- Supplied entries
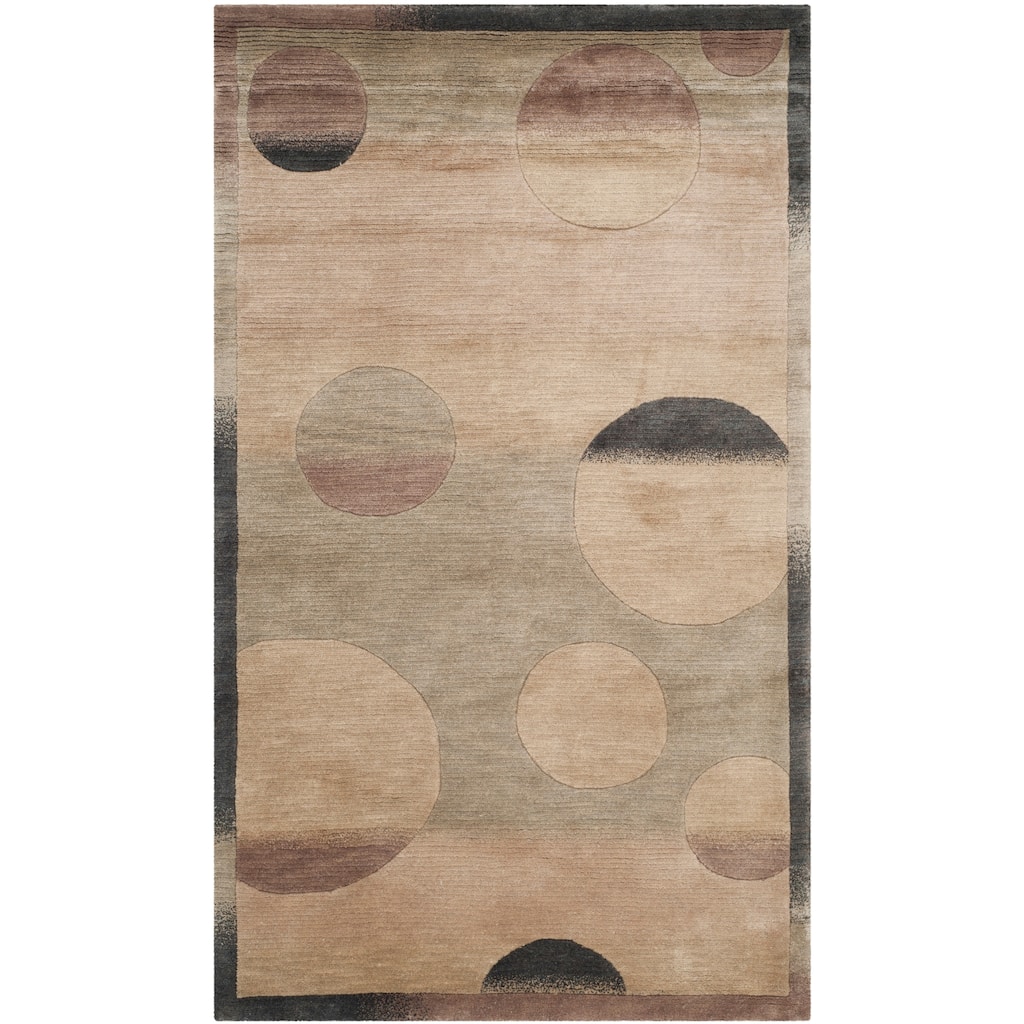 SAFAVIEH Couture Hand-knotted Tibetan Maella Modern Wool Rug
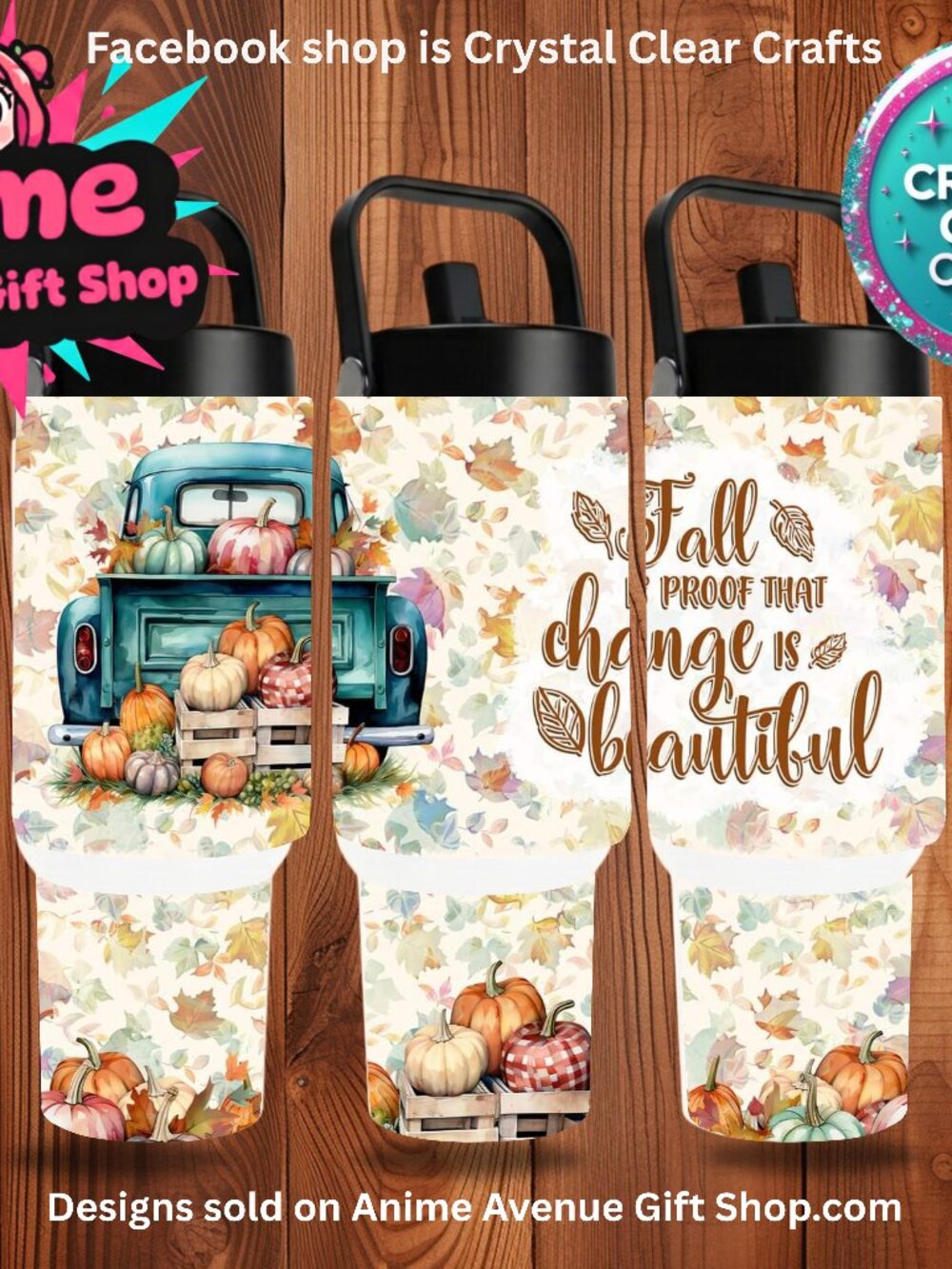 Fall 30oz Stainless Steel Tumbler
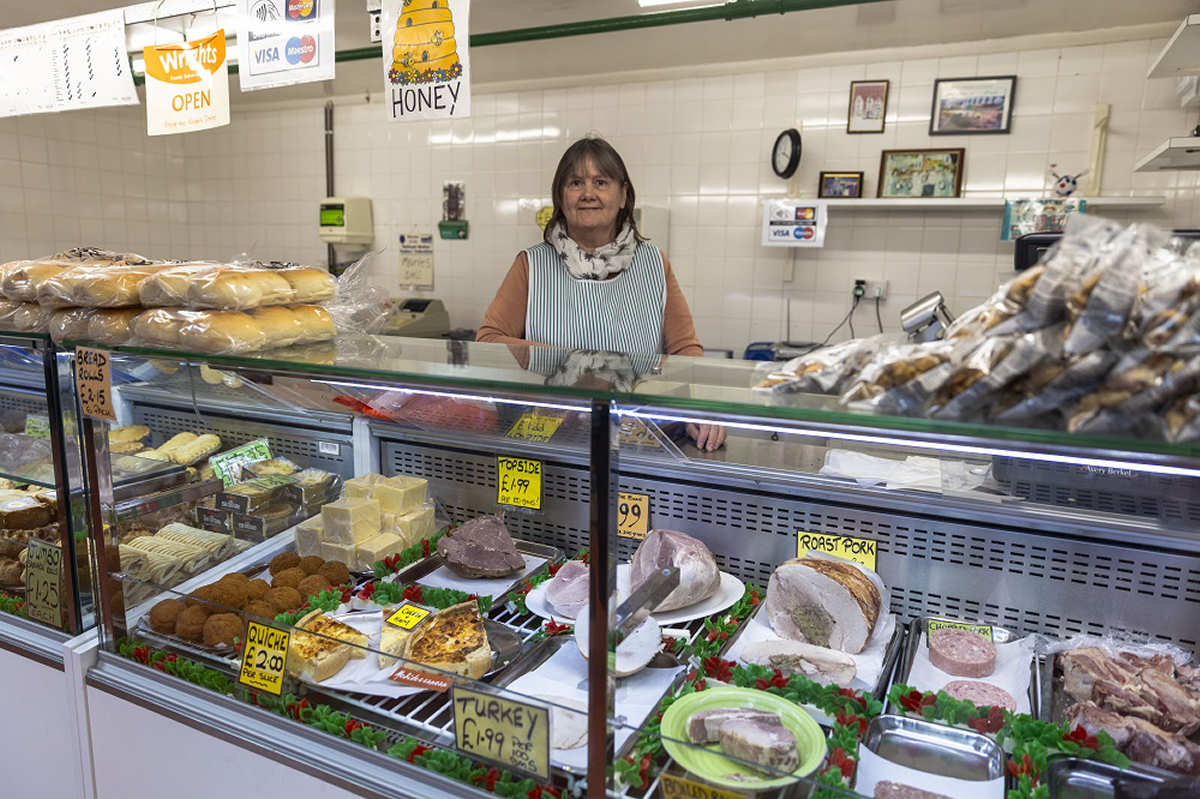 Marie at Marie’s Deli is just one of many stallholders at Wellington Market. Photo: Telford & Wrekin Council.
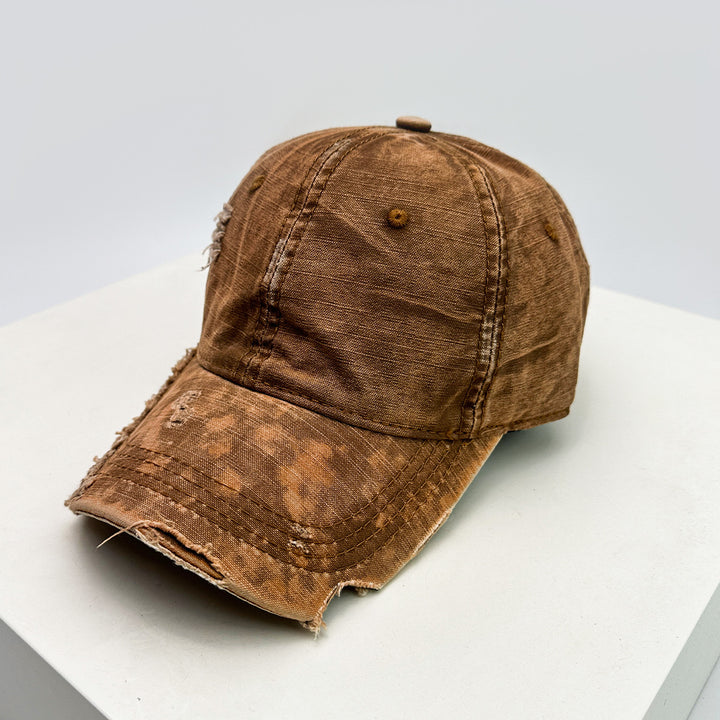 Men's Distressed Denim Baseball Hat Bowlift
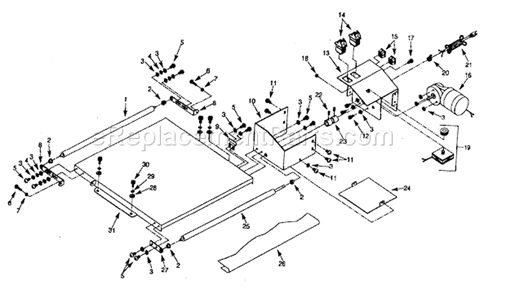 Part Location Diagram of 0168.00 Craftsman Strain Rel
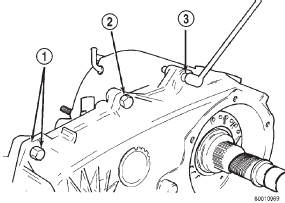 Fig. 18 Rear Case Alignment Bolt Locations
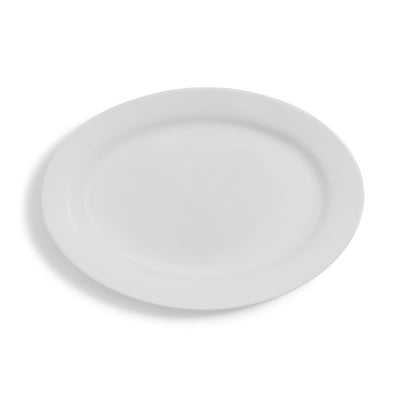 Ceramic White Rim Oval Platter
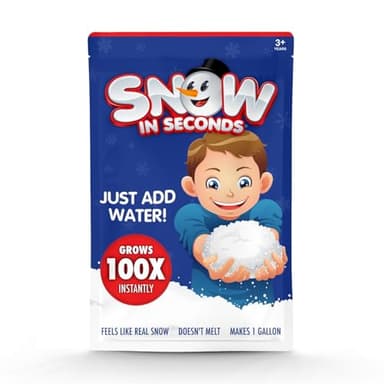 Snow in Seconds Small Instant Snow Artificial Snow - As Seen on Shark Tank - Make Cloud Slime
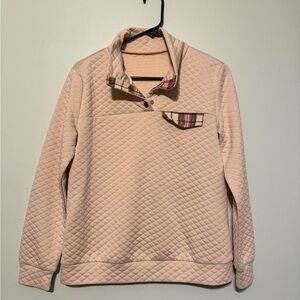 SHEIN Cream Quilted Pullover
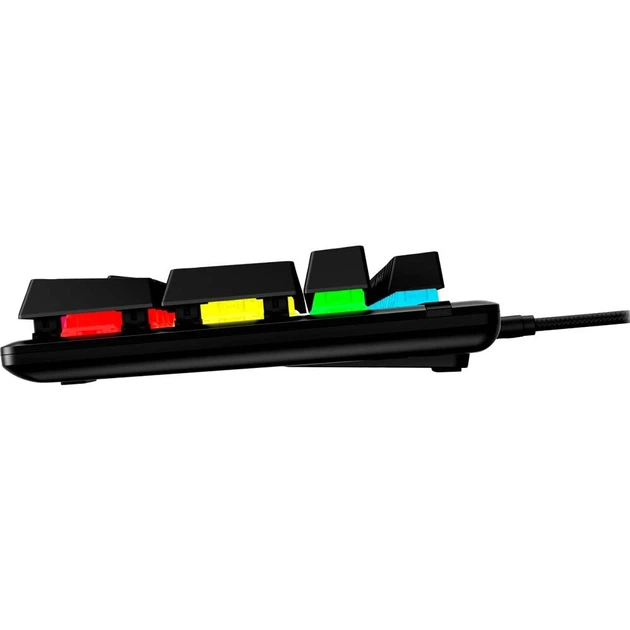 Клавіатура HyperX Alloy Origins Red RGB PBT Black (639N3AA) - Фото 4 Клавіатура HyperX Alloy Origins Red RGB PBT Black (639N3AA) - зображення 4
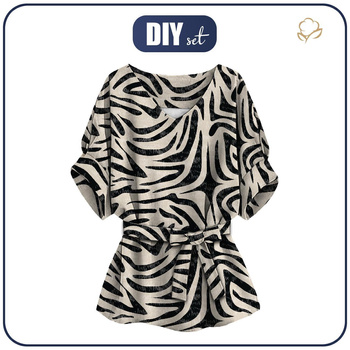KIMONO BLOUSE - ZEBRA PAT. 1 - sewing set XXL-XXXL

- Task description
Since only the text is needed, retype the data above exactly and omit the pictures.

- Answer section
 SAFAVIEH Couture Hand-knotted Tibetan Maella Modern Wool Rug
 Fall 30oz Stainless Steel Tumbler
 Marie at Marie’s Deli is just one of many stallholders at Wellington Market. Photo: Telford & Wrekin Council.
 Men's Distressed Denim Baseball Hat Bowlift
 Part Location Diagram of 0168.00 Craftsman Strain Rel
 Fig. 18 Rear Case Alignment Bolt Locations
 Ceramic White Rim Oval Platter
 Snow in Seconds Small Instant Snow Artificial Snow - As Seen on Shark Tank - Make Cloud Slime
 SHEIN Cream Quilted Pullover
 Клавіатура HyperX Alloy Origins Red RGB PBT Black (639N3AA) - Фото 4 Клавіатура HyperX Alloy Origins Red RGB PBT Black (639N3AA) - зображення 4
KIMONO BLOUSE - ZEBRA PAT. 1 - sewing set XXL-XXXL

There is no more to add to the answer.